La niña se deslizó con toda su fuerza, mientras su madre, la miraba con cariño, y con una sonrisa dulce de amor.

A los pocos segundos, con la niña de rodillas, comenzaron los primeros llantos y gritos de dolor, la madre no comprendía lo que esta sucediendo, y la niña no podía hablar. La pequeña tomaba aire como podía, hasta que le
mostró a su madre las manos llenas de sangre. La misma sangre que provenía de las largas y profundas heridas de ambas piernas.

Los acontecimientos se desarrollaron durante más o menos 20 minutos, hasta que la policía fue alertada, y los juegos de la plaza fueron cerrados. Se secuestraron un total de nueve hojas de afeitar, todas cuidadosamente instaladas en los toboganes.

Desde el bar, Segovia, se derretía de placer viendo el horrendo escenario, lamiéndose los labios, con los ojos bien abiertos, y con una sonrisa disimulada. Cuando el espectáculo terminó, pidió a su patrón irse a su casa, por no sentirse bien. Tomó un remis para llegar pronto a su casa y saciar los impulsos sexuales que la sangre de los niños le había generado.

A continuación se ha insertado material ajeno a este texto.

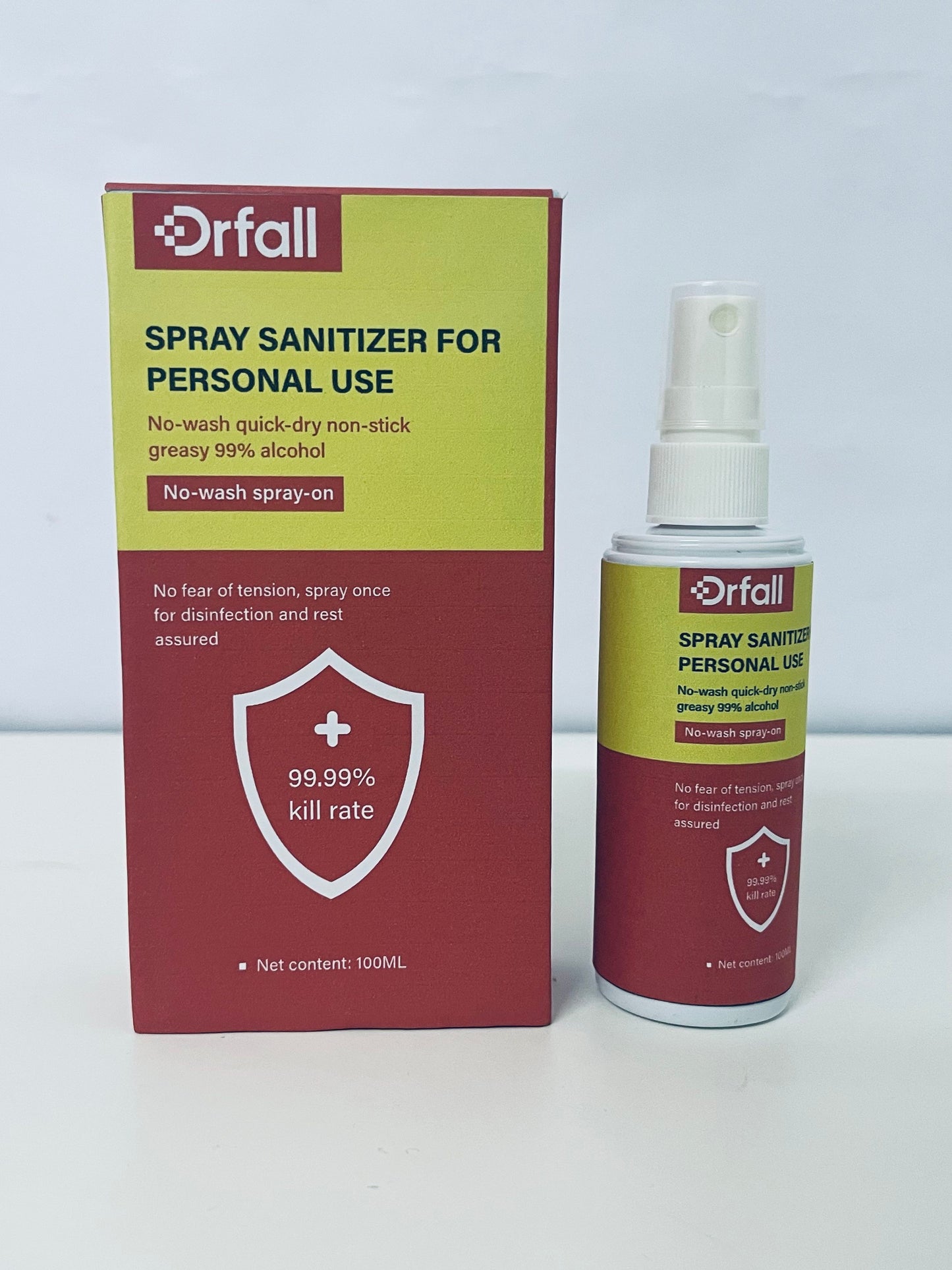 Drfall Spray Sanitizer for Personal Use, 99.99% Kill Rate, 99% Alcohol No-Wash Quick-Dry, Portable 100ML, Protect Health Anytime Anywhere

Pocos días después, Segovia fue detenido por conducir en un alarmante estado de embriaguez, y trasladado a la comisaría de La Tablada. Desde ya que todos los policías de la zona estaban al tanto de los sucesos acaecidos en
la plaza de San Justo.

Dentro del auto de Segovia, se encontró una caja que contenía tres hojas de afeitar, de las mismas características que las halladas en los toboganes, en la caja decía: contenido 12 unidades.

La policía no tardó en darse cuenta que muy posiblemente, las hojas afeitar que faltaban en la caja del auto, eran las que se habían colocado en los toboganes. Esto fue comunicado con el fiscal de turno, quien dispuso la inmediata detención de Segovia.

El sujeto fue acusado de 18 hechos de lesiones graves, contra niños de entre 5 y 8 años de edad.

Segovia esperaba que llegara el día del juicio oral, simplemente para saber cuantos años sería su condena. Alojado en la cárcel de Campana, el día llegó, pero el juicio no se hizo. Darío apareció muerto en el pabellón tercero, sujetado con una cadena a las rejas, no tenía testículos ni pene. Una hoja de afeitar fue hallada dentro de su boca.